Ortberg told analysts that Rockwell Collins expects to be able to convene a special meeting of its own and B/E Aerospace’s shareholders in early March, for a formal vote to approve the B/E acquisition. Rockwell Collins has obtained the US regulatory permission it needs for its B/E Aerospace acquisition, but still requires regulatory permissions from the European Union, China, South Korea, Turkey and The Philippines. However, “We believe we will obtain them in time for a spring closing,” he said.
Rockwell Collins remains “confident in the projected $160 million run-rate synergies” its own and B/E’s management have already identified from cost-savings that merging the two companies will produce. Now they are performing “further detailed planning on cost and revenue synergies”, said Ortberg.
This planning is studying “Phase 2 synergies incremental to the baseline plan,” which would result from elimination of “potential redundancy and overlaps in the businesses”, according to Ortberg. “We’re now beginning to work through the details to quantify those. They’re all related to where we have overlap, either in capability, manufacturing sites where we are doing duplicate things, customer support sites where we have multiple facilities.”
In the 20 January analyst call, Ortberg also discussed Rockwell Collins’ motivation for purchasing UK-based Pulse.Aero Limited for $11 million on 4 January. Pulse.Aero is, according to Rockwell Collins’ news release announcing the acquisition, a company “specializing in self-service bag drop solutions and airline applications” and Rockwell Collins bought Pulse.Aero “to enhance the company’s passenger processing services for airports and airlines”.

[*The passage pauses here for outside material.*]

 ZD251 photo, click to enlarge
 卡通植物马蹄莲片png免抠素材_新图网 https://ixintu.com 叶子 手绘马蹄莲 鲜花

“If you look at our overall airport business, it’s all around providing improved flow through the airport, from walking in to boarding the aircraft – self-service kiosks, all the ticketing,” said Ortberg. “Self-service is a big focus in our business today, and the self-serve bag drop is going to be a big driver there over the next five years. If you haven’t used it yet, you will be using it and you’ll see that, just like using the self-service ticket kiosk, it really is a much better way to move folks through the airport.

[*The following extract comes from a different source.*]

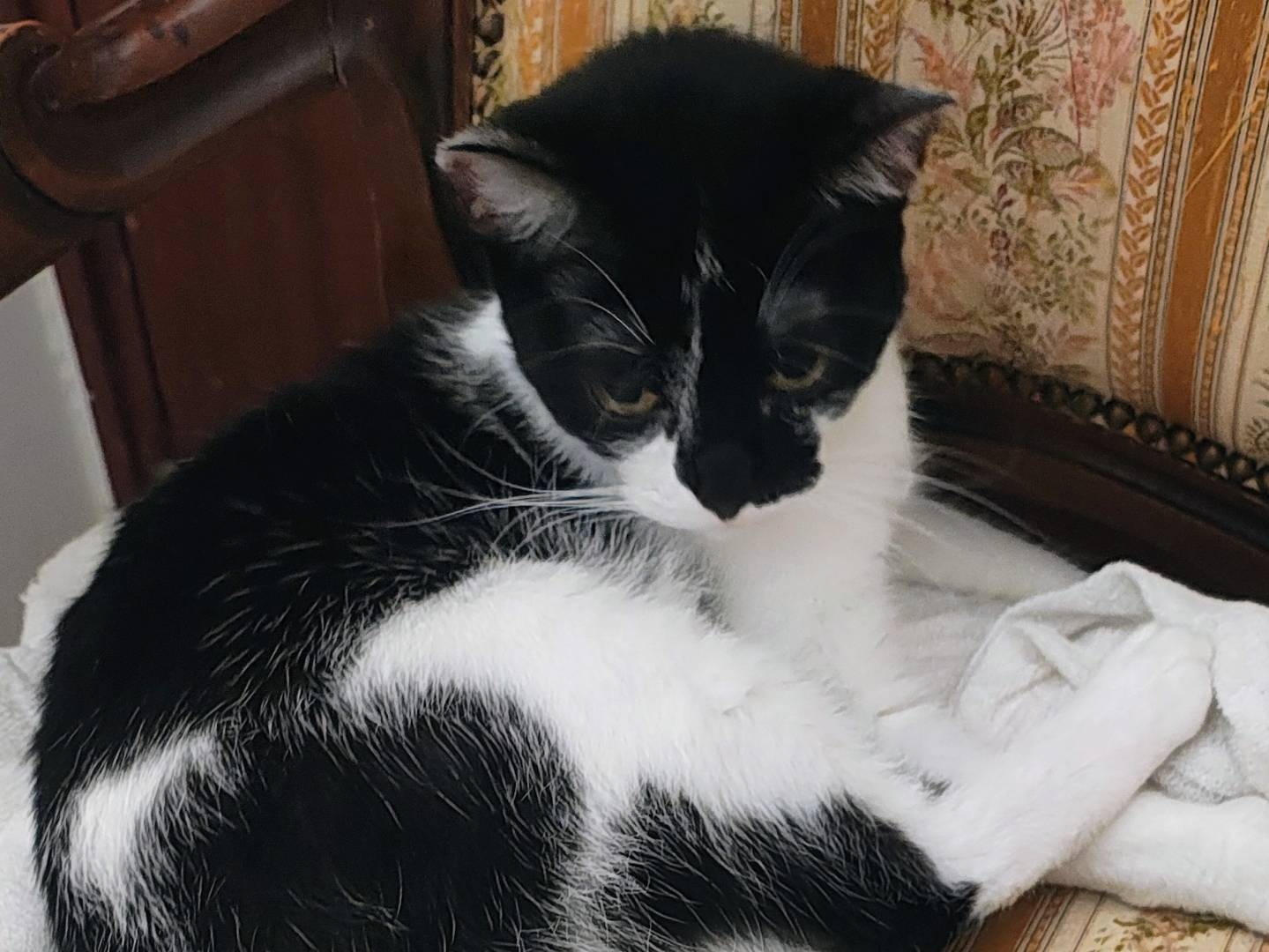 Adotta un gatto, femmina, 1 anno e 8 mesi, Bari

“So we saw this as a key element of driving airport upgrades. It’s a part of our portfolio for us to do that. We felt we wanted to have that because [Pulse.Aero] have got some differentiating technology that we think will improve our key wins on these airport upgrade opportunities going forward,” said Ortberg.
“That is our vision – to be able to use information, connectivity, getting through passport control, getting through ticketing and baggage handling,” declared Ortberg. “And it’s all around managing that and that goes all the way to the aircraft. You know, there will be a day where you’ll be able to track your bag, from the seat in the aircraft, throughout the mission of the flight.”